Repeat the listing exactly. Do not carry over any pictures.
*** Information given Section Begins ***
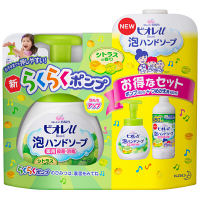 【アウトレット】ビオレu　泡ハンドソープ　シトラス　1セット（本体250ml+替450ml）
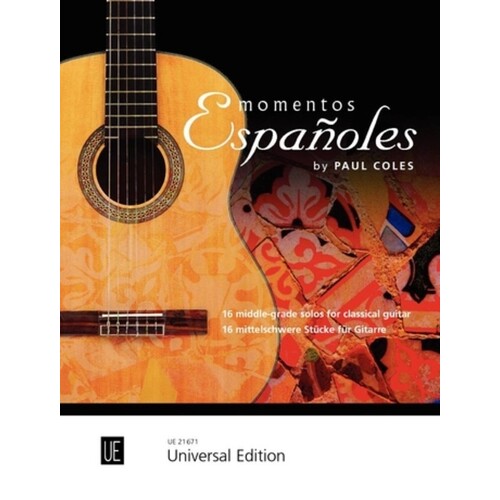 Coles - Momentos Espanoles Classical Guitar (Softcover Book)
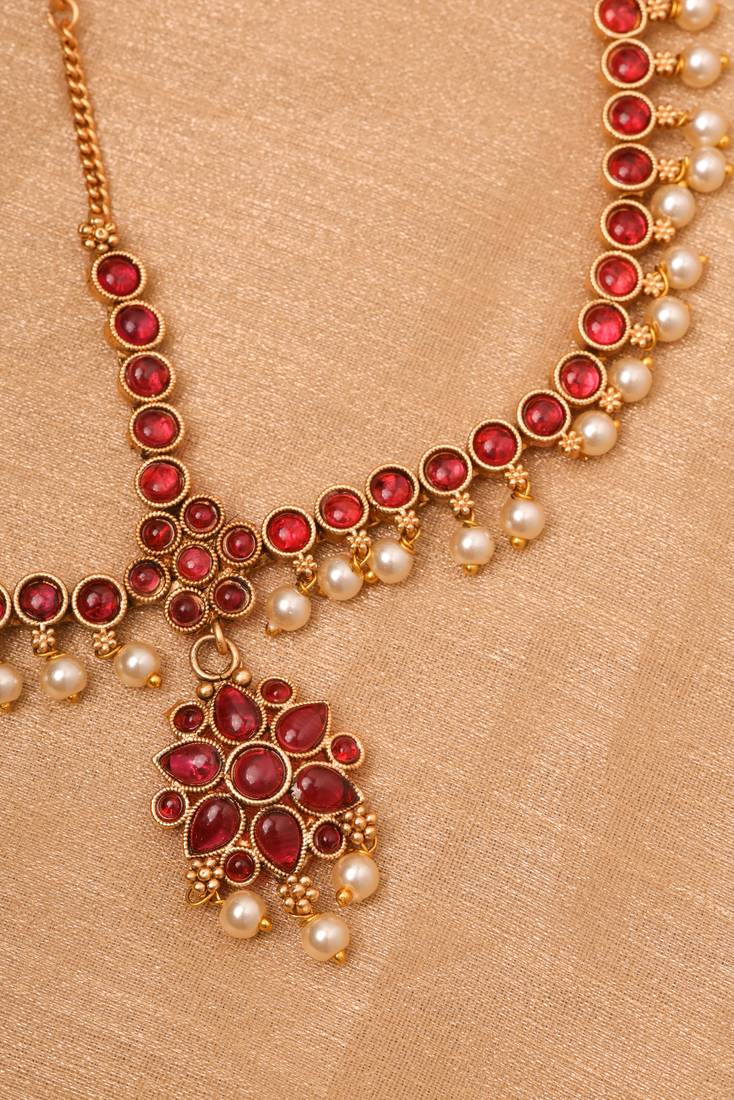 Traditional Kundan Maang Tikka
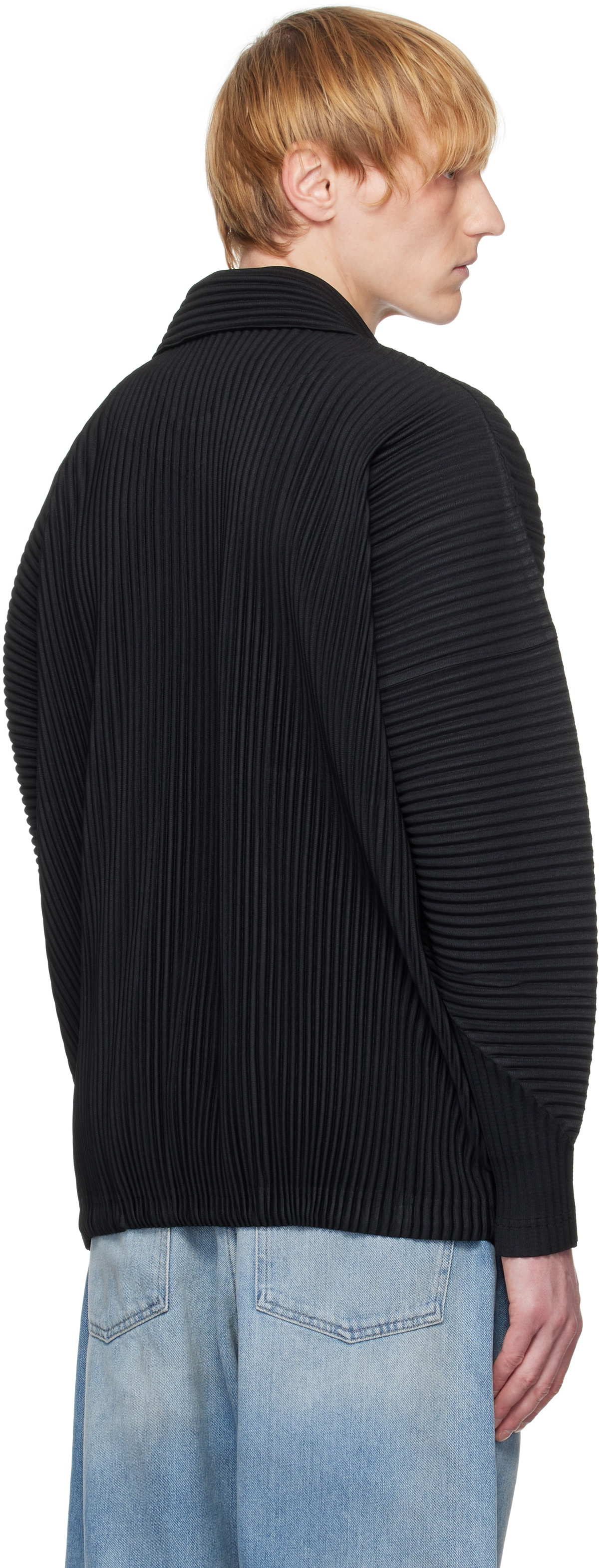HOMME PLISSÉ ISSEY MIYAKE Black Monthly Color March Jacket Homme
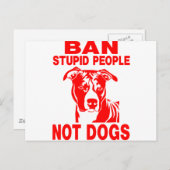 ピットブル ポストカード (正面/裏面)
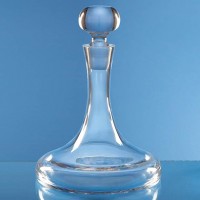 0.75ltr Handmade Plain Ships Decanter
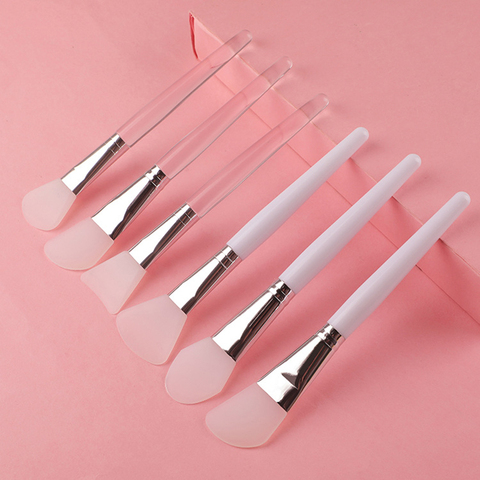 1/5pcs Professional Silicone Mask Brush DIY Home Salon Silicone Facial Mud Mixing Brush For Skin Care Reusable Cosmetic Tool ► Photo 1/6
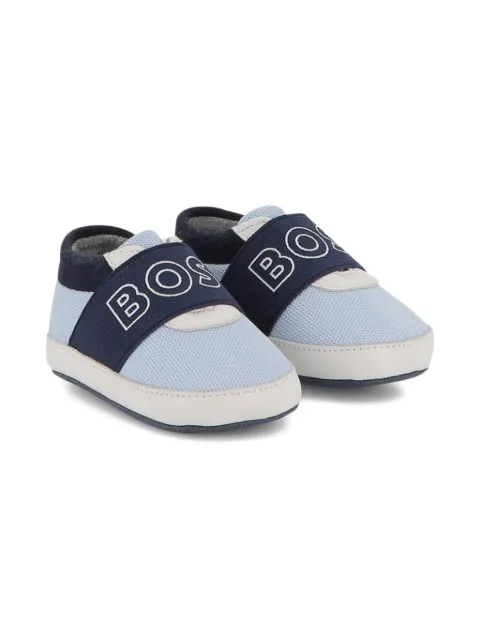 BOSS Kidswear elasticated-strap pre-walkers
*** Information given Section Ends ***
> **Task output**
 【アウトレット】ビオレu　泡ハンドソープ　シトラス　1セット（本体250ml+替450ml）
 Coles - Momentos Espanoles Classical Guitar (Softcover Book)
 Traditional Kundan Maang Tikka
HOMME PLISSÉ ISSEY MIYAKE Black Monthly Color March Jacket Homme
 ピットブル ポストカード (正面/裏面)
 0.75ltr Handmade Plain Ships Decanter
 1/5pcs Professional Silicone Mask Brush DIY Home Salon Silicone Facial Mud Mixing Brush For Skin Care Reusable Cosmetic Tool ► Photo 1/6
 BOSS Kidswear elasticated-strap pre-walkers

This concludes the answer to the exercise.